Data extract Start Marker
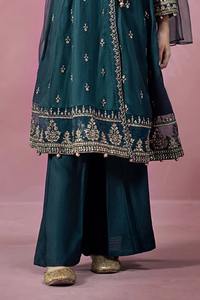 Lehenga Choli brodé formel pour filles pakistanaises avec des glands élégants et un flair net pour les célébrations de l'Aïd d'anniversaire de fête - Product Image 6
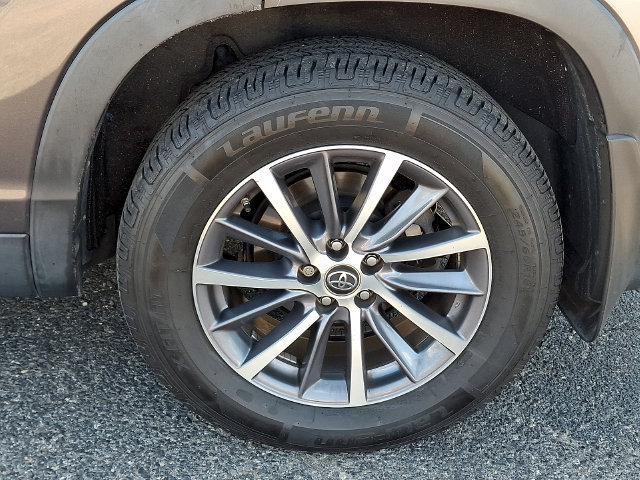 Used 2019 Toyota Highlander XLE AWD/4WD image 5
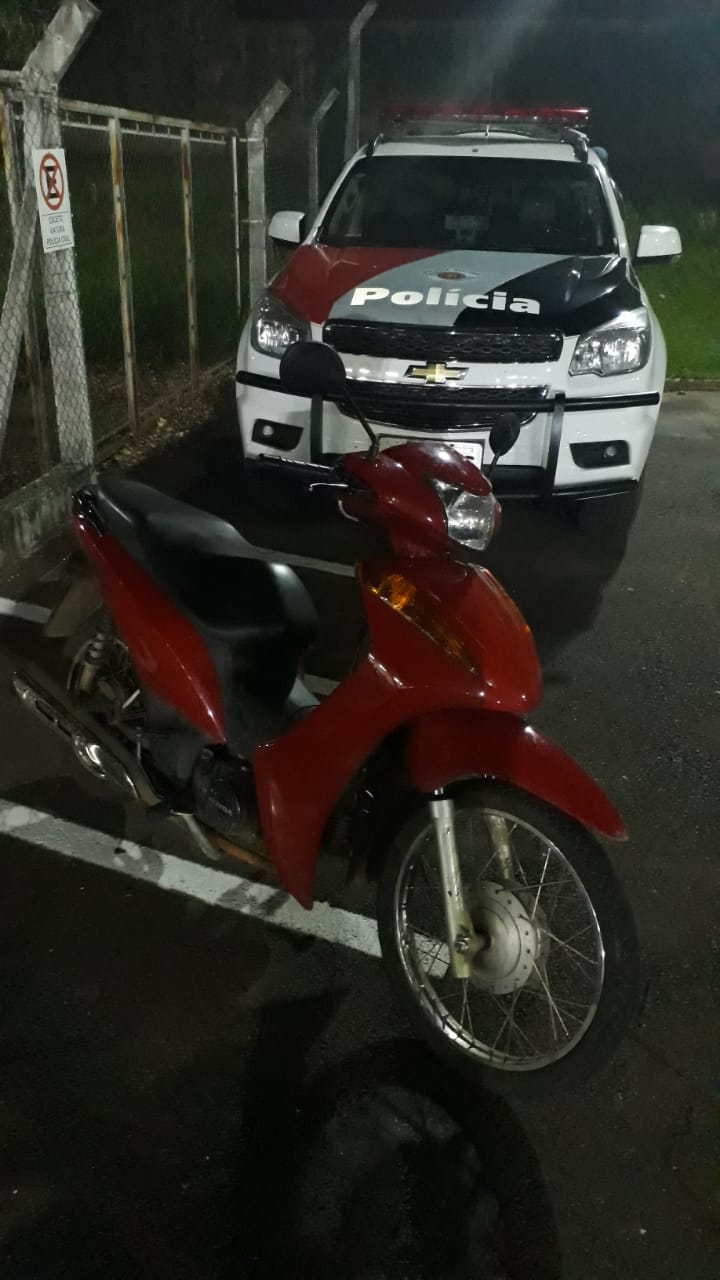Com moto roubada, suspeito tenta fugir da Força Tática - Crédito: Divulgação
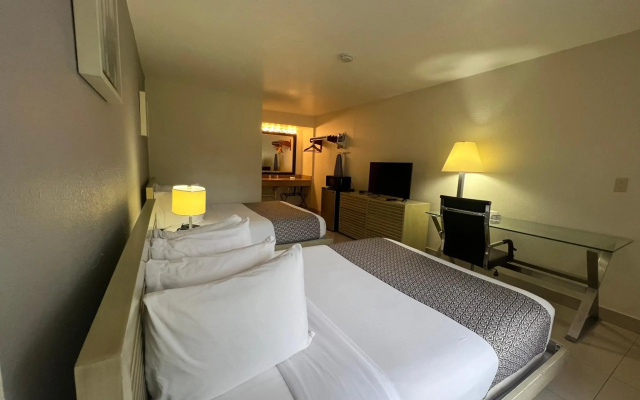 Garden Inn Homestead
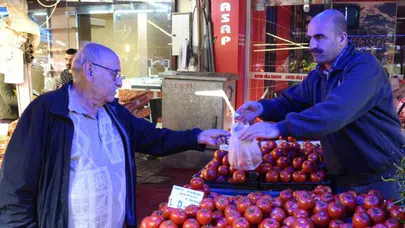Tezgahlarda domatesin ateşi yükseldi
Data extract End Marker
_Work request_
In the copy, include all records verbatim but no images.

_Response for this exercise_
 Lehenga Choli brodé formel pour filles pakistanaises avec des glands élégants et un flair net pour les célébrations de l'Aïd d'anniversaire de fête - Product Image 6
 Used 2019 Toyota Highlander XLE AWD/4WD image 5
Com moto roubada, suspeito tenta fugir da Força Tática - Crédito: Divulgação
 Garden Inn Homestead
Tezgahlarda domatesin ateşi yükseldi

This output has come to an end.